In diesem realitätsverzerrten Zustand besetzen wir den anderen Menschen mit Wünschen, Idealvorstellungen und Phantasien, die im Gegenüber gar nicht vorhanden sind. Sogar Unstimmigkeiten und Gegensätze werden positiv gedeutet und idealisiert: „Gegensätze ziehen sich an“ oder „wir ergänzen einander“.
Wenn die Verliebtheit nachlässt, können wir dann umso tiefer fallen. So mancher/manche beendet dann vorschnell eine Partnerschaft, vor allem junge und unerfahrene Menschen, besonders aber auch Menschen mit Frühstörungen (etwa Personen, die an einer Persönlichkeitsstörung leiden und/oder traumatisiert sind), weil die Ent-Täuschung der Trauerarbeit und der inneren Reife und Ich-Stärke bedarf, die Menschen mit Frühstörungen nicht haben. Aussagen eines erwachsenen Menschen wie „Du, ich hab noch einmal nachgedacht (sic!): ich bin nicht mehr in dich verliebt“, sind typisch für eine Frühstörung.
Dabei könnten wir gerade dann viel über uns selber lernen: Wir werden herausgefordert, eine oberflächliche ver-liebte Beziehung in eine erwachsene Partnerschaft überzuführen. Dies gelingt dann, wenn wir in unser authentisches Spüren und Fühlen kommen und uns dann dem/der anderen echt mitteilen. Wir müssten uns dabei so zeigen, wie wir wirklich sind, nicht mit unserer Fassade, dem Aufgesetzten und Antrainierten, dem Hysterischen.
Je ehrlicher, schonender und authentischer wir unsere Emotionen, vor allem auch Leid, Kummer, Trauer, Schmerz, Hass und Wut zulassen und spüren können, desto echter können wir uns auch in der Partnerschaft der Partnerin/dem Partner mitteilen und uns zeigen.

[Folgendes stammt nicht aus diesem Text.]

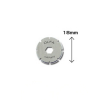 Olfa PRB18-2 lames de rechange rotative pour cutter RTY-4 18 mm (2 pièces)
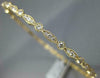 1.58CT DIAMOND 18K YELLOW GOLD 3D ROUND INFINITY ETOILE ETERNITY BANGLE BRACELET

In der Existenzanalyse nach Alfried Längle, aber auch in der dritten Welle der Verhaltenstherapie spielen deshalb unsere primären Emotionen und Handlungsimpulse und ein authentisches Fühlen eine herausragende Rolle. Denn ohne einen guten Zugang zu unseren Emotionen bleiben wir nur an der Oberfläche und können uns selbst verlieren, da Emotionen der Schlüssel zu unseren Bedürfnissen sind.
Wir zerreden und analysieren dann in partnerschaftlichen Konflikten alles vom Hundertsten ins Tausendste, erschöpfen uns in stundenlangen, völlig verkopften Diskussionen, bei denen wir uns im Kreis drehen ohne vorzudringen, worum es uns im tiefsten Innersten wirklich geht. In den Tiefenschichten fehlt uns nämlich die Klarheit, und somit bleiben alle Aussagen verkopft, haltlos und ohne Grund und Boden.
Dabei müssen wir echte, authentische (primäre) Gefühle (etwa Wut, Hass, Hilflosigkeit, Trauer, Kränkung) von aufgesetzten und erlernten Gefühlsäußerungen (etwa bei Wut zu weinen, bei Schmerz Wut zu zeigen) unterscheiden. Authentische Gefühle sind immer ansteckend. Ist der Mitmensch traurig, so löst dies in mir Mitgefühl oder Betroffenheit aus; empfinde ich hingegen Wut, wenn ein Mensch weint, dann spüre ich oft folgendes: der andere Mensch weint nicht aus Schmerz, sondern manipuliert mich mit seinem aufgesetzten Weinen, um etwas von mir zu bekommen (z.B. Aufmerksamkeit oder Schonung). Somit wirken echte Gefühle mitreißend, unechte hingegen nerven.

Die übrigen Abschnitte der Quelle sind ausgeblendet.